I enjoyed this a lot more than I expected to!

As with The Goldfinch, I’m very late arriving with this, but this seems to be turning into the summer when I finally have time to read all those big thick books I’ve been putting off.

The Luminaries is a pseudo-Victorian mystery set in New Zealand during the gold panning days.   As would have been the case at that time and place, the large cast of characters is very male, with the exception of a prostitute and an enigmatic “femme fatale,” and very white, apart from a couple of Chinese men and a native New Zealander.

Differentiation between all these characters is helped by the fact that their roles are strongly identified with their profession/place in society.  On another level, Catton has assigned each a sign of the Zodiac, or a planet, and there are two “moon” and “sun” characters, the mysteriously missing young man Emery Staines and prostitute Anna Wetherall.  The “Zodiac” characters’ actions motives revolve around the “moon” and the “sun”.

If this all sounds very complicated, the nice thing is that you don’t have to know anything about this at all to enjoy the book, which is basically a murder mystery, done in that atmospheric manner that I love my mysteries to unfold in, and which is so different from most modern mysteries/thrillers, which I don’t get on with at all.

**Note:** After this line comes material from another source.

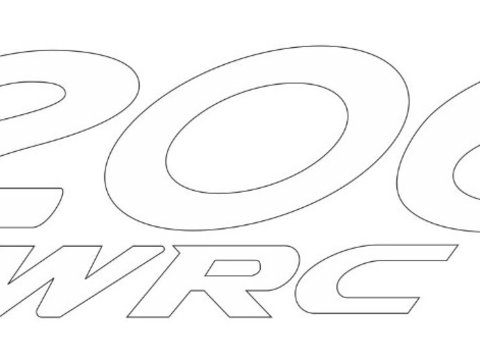 Sticker Moto Peugeot 206 WRC 15x4.5cm Alb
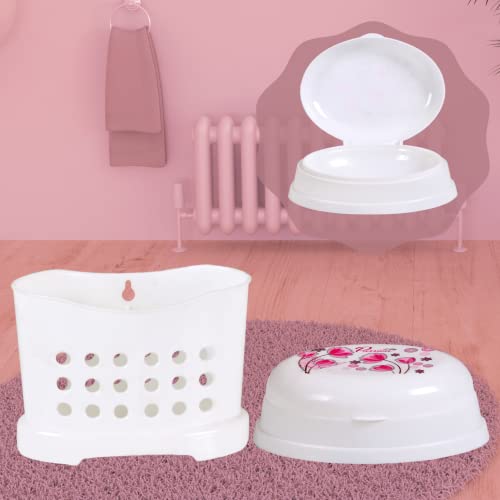 Novelty Store Bathroom Set 10 Pieces Heavy Duty, Large Capacity (16 LTR Bucket, 5 LTR Bucket, Patla, 18 LTR Deep Tub, Dustbin,Mug 1.5 LTR, Mug 1 LTR, Soapcase, Dustpan, Tooth Brush Stand -White Pink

I’d heard criticisms of the book’s complicated structure, but I found that I liked it.  Each section is half as long as the one before.  That immediately got me thinking about the way mathematical series work, and how the sums of some series get bigger and bigger (diverge) and the sums of others converge, ie get closer and closer but never exactly get to the same point as a number.  So if you add a half and a quarter and an eighth and keep going with terms that are half as big again, you get to 1.   There are these things called Baravelle spirals, which illustrate what I am thinking of.  For me, it mirrored the idea that the mystery was getting ever more complex, but that we would never really reach the heart of it.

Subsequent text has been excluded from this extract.